Calcidilla de la Cueza to Sahagún de Campos (23km)
Saturday, 14 April, 2012
Walking against the never ceasing wind across the seemingly vast plain was almost hypnotic. One could walk for hours, but seem to be remaining on the spot; a feature on the horizon remains what it was when the day started; a feature on the horizon.
And yet one knew that there were villages between here and there, but where were they? By then one of them should have been in sight. And on one plodded until suddenly, with no prior warning, there it was, a little village nestling below in a hollow in the plain.
As one descended, the wind continued its frenetic rush above, as if it had more pressing matters to attend to elsewhere; to the mighty wind an insignificant little village was not worth the expending of time and energy to descend. And I made my way down to the welcome shelter of the village bar and a coffee and a slice of tortilla, with a chunk of bread. And so once revived, I ascended once more to the fray.
And when mid-afternoon arrived, I stopped at the first village with accommodation; by then I will usually have reached my limit for the day.
And so for day after day the routine repeats, the wind continues to buffet everything in its path. Occasionally it rains.
And slowly, almost imperceptibly, I have been moving across the map of Spain.
Sahagún to El Burgo Ranero (18km)
Sunday, 15 April, 2012
Sahagún reached it greatest splendour during the reign of Alfonso VI of Castile (1047-1109), as evidenced by a plethora of ancient buildings. In the 14th century, it housed a university.
On the way out of Sahagún, one crosses a Roman bridge over the river Cea.

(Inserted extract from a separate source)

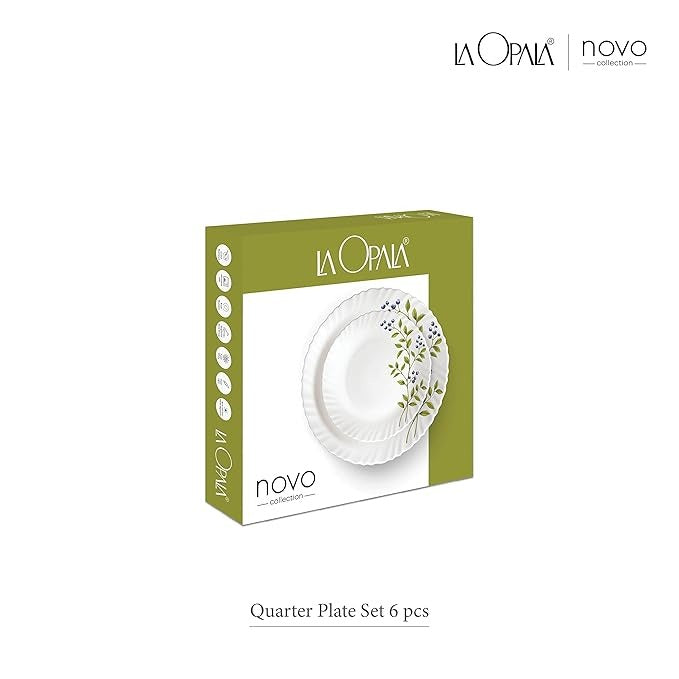 La Opala Novo Collection Opal Glass Crockery Quarter Plate Set of 6 Lush Greens Design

El Burgo Ranero to Mansilla de las Mulas (19km)
Monday, 16 April, 2012
I always like to leave the curtains open when I go to bed, so that I can awaken to first light, but it is not often that I can lie in bed and watch the rising sun. I remember once witnessing the rising of a huge orange sun as I crossed Sydney Harbour Bridge in the early morning,when I had set out on one of my crazy marathon walks. In El Burgo Ranero I woke to the rising sun and I did not have to move a muscle to see it, apart from my eye lids.
And I felt incredibly at peace, totally relaxed, a feeling that I only once before recall experiencing, and that was when I was having a stroke. It apparently happens when the logical side of the brain switches off and the sensual side becomes dominant.
I wondered if I will feel so peaceful when I have another stroke. My sight was fine and all I had to do was to raise both my arms to be reassured. But I felt no panic whatsoever and lay without moving, enjoying the sensations. Eventually the logical side woke up. I raised my arms and another day began.
I walked relaxed all day, past a huge wading bird, past yet another wayside memorial for a pilgrimage fatality – I have lost count as to how many memorials I have seen.
Another helping of tortilla and a beer served by an attractive girl in pink top and tight pants saw me through to the ancient village of Mansilla de las Mulas.
Mansilla de las Mulas to Léon (19km)
Tuesday, 17 April, 2012
The first view of Léon was rather deceiving. It looked as if I was almost there.
But there remained much more than an hour of suburbs and city streets before arriving at the central plaza, with its magnificent cathedral.